** Assignment **
From the line with "Statue of Amenhotep" through the line with "Five white shapes", inclusive, return each line of the data below exactly and leave the rest out.

Segment Start: Task input

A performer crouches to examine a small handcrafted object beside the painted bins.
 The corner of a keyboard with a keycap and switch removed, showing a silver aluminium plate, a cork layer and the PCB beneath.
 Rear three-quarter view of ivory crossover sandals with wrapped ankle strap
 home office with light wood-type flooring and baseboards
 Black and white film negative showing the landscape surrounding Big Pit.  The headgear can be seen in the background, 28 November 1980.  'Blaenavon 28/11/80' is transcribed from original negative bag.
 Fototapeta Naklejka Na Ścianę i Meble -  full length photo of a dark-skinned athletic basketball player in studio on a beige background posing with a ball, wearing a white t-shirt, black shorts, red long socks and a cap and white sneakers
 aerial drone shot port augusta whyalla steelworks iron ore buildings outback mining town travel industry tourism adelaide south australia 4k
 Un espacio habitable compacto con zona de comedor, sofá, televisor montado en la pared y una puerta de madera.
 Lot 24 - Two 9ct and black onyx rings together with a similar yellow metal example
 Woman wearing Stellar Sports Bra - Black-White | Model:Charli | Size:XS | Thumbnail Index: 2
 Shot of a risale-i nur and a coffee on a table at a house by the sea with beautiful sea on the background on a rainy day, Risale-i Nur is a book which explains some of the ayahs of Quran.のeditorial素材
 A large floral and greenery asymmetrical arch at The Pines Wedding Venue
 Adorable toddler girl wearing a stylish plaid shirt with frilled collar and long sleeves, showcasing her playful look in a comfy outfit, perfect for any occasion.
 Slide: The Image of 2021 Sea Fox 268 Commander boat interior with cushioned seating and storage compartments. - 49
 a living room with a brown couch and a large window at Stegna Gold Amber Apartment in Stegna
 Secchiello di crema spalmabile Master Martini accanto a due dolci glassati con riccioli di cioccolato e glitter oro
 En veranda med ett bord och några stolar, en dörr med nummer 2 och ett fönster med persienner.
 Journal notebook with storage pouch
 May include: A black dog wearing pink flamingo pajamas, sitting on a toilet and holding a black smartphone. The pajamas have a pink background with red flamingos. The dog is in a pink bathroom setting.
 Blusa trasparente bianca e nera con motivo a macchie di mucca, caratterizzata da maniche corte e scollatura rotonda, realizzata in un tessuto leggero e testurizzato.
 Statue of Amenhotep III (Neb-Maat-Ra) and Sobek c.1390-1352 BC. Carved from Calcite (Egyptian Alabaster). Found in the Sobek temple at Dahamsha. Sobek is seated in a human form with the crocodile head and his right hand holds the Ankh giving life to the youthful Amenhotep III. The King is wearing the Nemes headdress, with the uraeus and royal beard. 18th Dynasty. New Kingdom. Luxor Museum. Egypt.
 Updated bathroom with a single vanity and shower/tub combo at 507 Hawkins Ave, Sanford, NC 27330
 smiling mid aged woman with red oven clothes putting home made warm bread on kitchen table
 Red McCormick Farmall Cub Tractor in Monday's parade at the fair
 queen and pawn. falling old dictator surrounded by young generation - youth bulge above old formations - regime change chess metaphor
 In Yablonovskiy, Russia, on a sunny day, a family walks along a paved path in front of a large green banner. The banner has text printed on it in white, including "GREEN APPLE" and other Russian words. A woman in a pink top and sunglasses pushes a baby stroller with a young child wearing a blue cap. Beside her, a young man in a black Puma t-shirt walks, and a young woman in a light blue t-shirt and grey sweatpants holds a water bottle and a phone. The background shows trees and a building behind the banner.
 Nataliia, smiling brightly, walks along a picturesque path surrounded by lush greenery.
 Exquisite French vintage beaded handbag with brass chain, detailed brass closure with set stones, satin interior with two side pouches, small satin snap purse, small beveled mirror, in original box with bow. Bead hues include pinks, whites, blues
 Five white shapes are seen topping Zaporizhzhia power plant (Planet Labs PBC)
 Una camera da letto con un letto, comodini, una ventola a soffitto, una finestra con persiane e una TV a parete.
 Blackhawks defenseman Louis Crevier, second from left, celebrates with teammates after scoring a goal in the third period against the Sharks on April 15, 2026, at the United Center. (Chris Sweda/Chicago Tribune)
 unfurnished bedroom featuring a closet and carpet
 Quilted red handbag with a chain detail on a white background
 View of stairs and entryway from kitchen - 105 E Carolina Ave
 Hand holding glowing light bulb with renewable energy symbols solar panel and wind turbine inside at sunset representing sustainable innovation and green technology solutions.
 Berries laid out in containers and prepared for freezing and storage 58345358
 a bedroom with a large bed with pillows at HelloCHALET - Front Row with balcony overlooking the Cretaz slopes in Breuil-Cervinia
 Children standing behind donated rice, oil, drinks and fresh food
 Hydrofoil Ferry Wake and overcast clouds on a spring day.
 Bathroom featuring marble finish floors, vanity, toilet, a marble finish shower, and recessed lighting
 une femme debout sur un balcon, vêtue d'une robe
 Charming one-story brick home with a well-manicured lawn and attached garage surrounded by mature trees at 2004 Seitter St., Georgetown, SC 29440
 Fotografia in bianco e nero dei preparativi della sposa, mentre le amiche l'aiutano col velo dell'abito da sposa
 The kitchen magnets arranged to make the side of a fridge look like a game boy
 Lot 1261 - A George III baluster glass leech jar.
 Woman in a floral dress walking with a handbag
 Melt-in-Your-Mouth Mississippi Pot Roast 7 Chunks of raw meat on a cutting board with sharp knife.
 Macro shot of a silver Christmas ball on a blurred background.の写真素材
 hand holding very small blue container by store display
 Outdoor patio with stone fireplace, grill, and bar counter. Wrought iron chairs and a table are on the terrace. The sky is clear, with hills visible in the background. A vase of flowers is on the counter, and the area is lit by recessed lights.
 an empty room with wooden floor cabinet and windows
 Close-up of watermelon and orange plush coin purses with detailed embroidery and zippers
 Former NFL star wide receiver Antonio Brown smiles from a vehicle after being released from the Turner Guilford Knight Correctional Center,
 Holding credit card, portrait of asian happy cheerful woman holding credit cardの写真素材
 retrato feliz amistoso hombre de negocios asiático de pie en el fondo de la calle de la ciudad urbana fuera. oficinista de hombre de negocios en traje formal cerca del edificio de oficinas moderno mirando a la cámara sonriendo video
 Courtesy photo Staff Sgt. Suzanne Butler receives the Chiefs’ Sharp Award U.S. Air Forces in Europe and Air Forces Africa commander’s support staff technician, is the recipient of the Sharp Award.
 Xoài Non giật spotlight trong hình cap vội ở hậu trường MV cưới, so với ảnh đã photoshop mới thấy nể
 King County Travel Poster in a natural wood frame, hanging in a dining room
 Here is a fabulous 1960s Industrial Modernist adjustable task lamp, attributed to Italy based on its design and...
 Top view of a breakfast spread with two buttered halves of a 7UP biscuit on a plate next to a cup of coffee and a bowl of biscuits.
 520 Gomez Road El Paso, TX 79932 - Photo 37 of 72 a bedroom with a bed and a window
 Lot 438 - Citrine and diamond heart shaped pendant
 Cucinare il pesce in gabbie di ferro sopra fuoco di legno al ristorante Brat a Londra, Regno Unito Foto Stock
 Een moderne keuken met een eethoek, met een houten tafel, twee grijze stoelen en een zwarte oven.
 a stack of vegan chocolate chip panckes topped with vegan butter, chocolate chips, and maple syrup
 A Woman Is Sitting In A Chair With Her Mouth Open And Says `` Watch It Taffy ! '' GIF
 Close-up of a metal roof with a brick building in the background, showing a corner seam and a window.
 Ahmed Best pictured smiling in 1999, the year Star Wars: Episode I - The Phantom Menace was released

Segment End: Task input

** Reply **
 Statue of Amenhotep III (Neb-Maat-Ra) and Sobek c.1390-1352 BC. Carved from Calcite (Egyptian Alabaster). Found in the Sobek temple at Dahamsha. Sobek is seated in a human form with the crocodile head and his right hand holds the Ankh giving life to the youthful Amenhotep III. The King is wearing the Nemes headdress, with the uraeus and royal beard. 18th Dynasty. New Kingdom. Luxor Museum. Egypt.
 Updated bathroom with a single vanity and shower/tub combo at 507 Hawkins Ave, Sanford, NC 27330
 smiling mid aged woman with red oven clothes putting home made warm bread on kitchen table
 Red McCormick Farmall Cub Tractor in Monday's parade at the fair
 queen and pawn. falling old dictator surrounded by young generation - youth bulge above old formations - regime change chess metaphor
 In Yablonovskiy, Russia, on a sunny day, a family walks along a paved path in front of a large green banner. The banner has text printed on it in white, including "GREEN APPLE" and other Russian words. A woman in a pink top and sunglasses pushes a baby stroller with a young child wearing a blue cap. Beside her, a young man in a black Puma t-shirt walks, and a young woman in a light blue t-shirt and grey sweatpants holds a water bottle and a phone. The background shows trees and a building behind the banner.
 Nataliia, smiling brightly, walks along a picturesque path surrounded by lush greenery.
 Exquisite French vintage beaded handbag with brass chain, detailed brass closure with set stones, satin interior with two side pouches, small satin snap purse, small beveled mirror, in original box with bow. Bead hues include pinks, whites, blues
 Five white shapes are seen topping Zaporizhzhia power plant (Planet Labs PBC)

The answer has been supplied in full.